ASSIGNED TASK:
Could you write out, exactly, every line from the top of the data through the line holding "pillar with the"? Omit the pictures.

THE RECORDS:
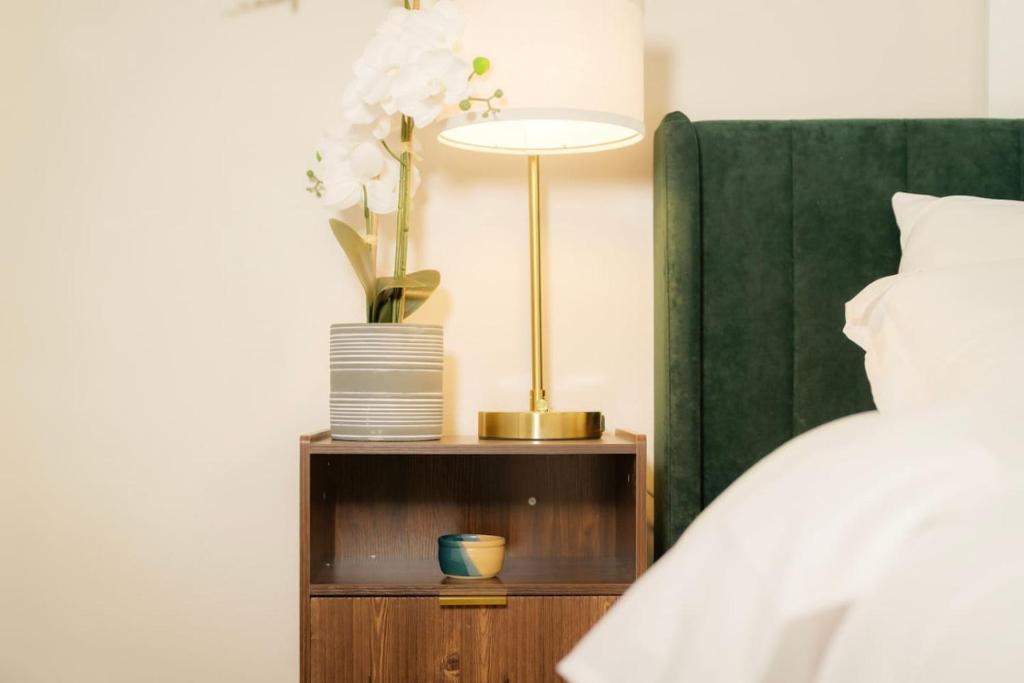 een nachtkastje met een bed en een lamp erop bij Heights Haven on Paris - 2BD Stay in Peoria Heights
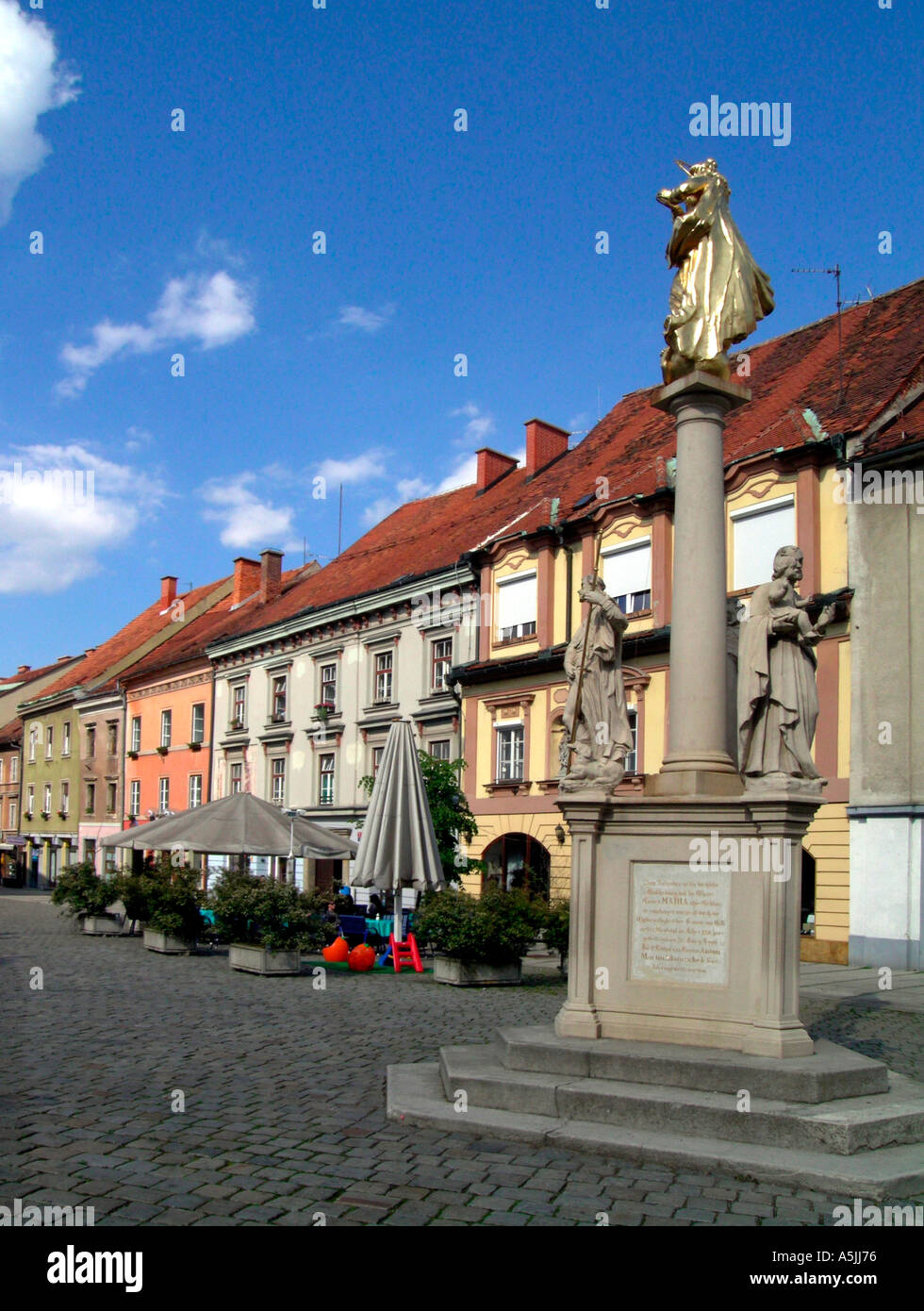 pillar with the virgin Mary and residential houses from 16th til 18th century at the place Lavni trg in Celje Slovenia Stock Photo
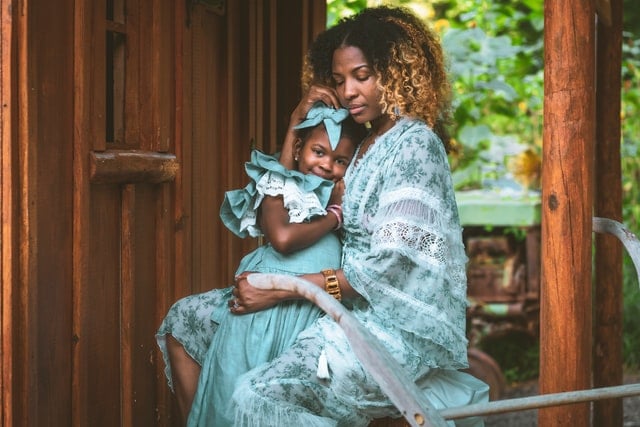 Mulher branca segurando bebê negra no colo.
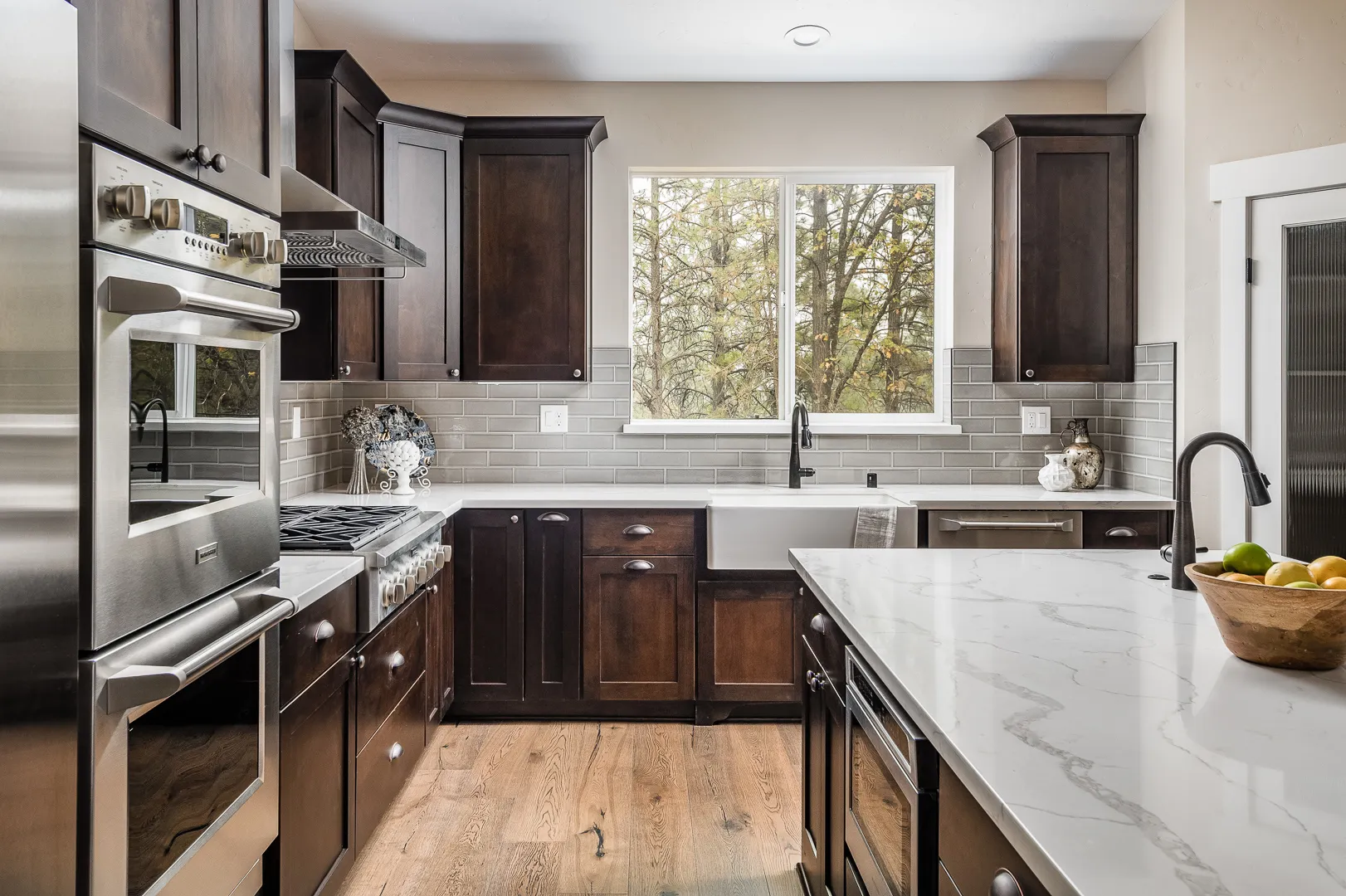 Kitchen with farmhouse sink, gray subway tile, and a window framing the surrounding pines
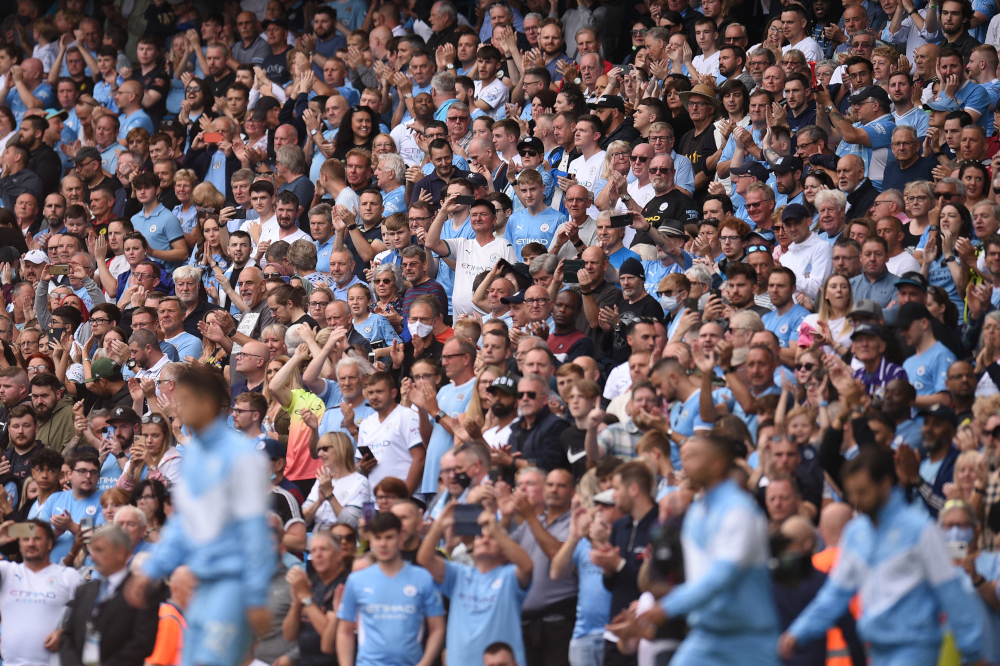 Manchester City fans greet their team ahead of the English Premier League football match between Manchester City and Southampton at the Etihad Stadium in Manchester, England, September 18, 2021. u00e2u20acu201d AFP pic 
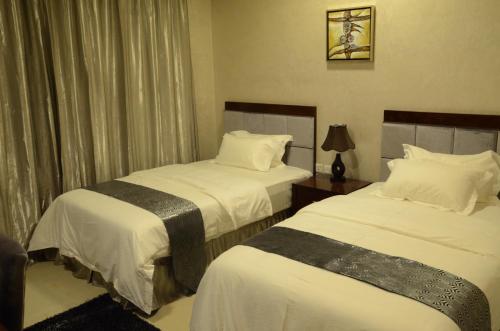 una camera d'albergo con due letti con lenzuola bianche di Reef Hotel Aparts (Tabasum Group) ad Ajman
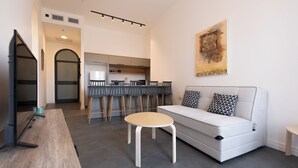 A modern living room with a sofa, a coffee table, and a dining area with chairs. - PORT CITY HAIFA -  Flea Market Luxury (Haifa)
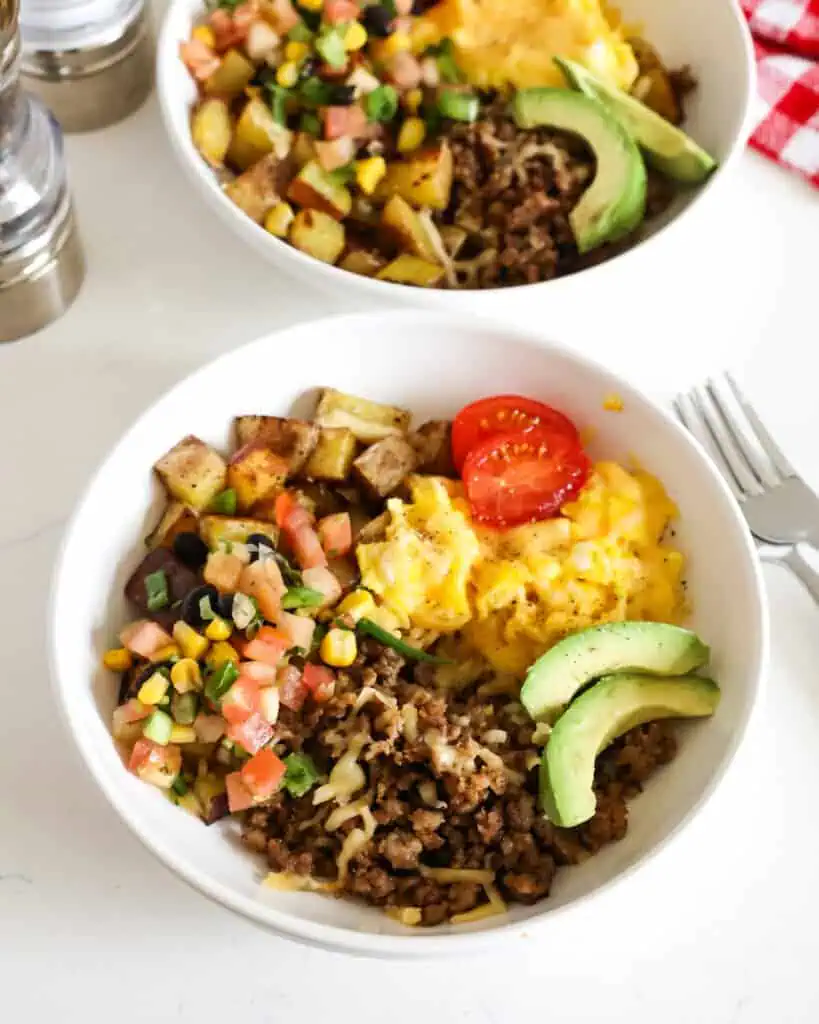 Breakfast bowls topped with grape tomatoes, Pico de Gallo, and sliced avocado.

TASK ANSWER:
 een nachtkastje met een bed en een lamp erop bij Heights Haven on Paris - 2BD Stay in Peoria Heights
 pillar with the virgin Mary and residential houses from 16th til 18th century at the place Lavni trg in Celje Slovenia Stock Photo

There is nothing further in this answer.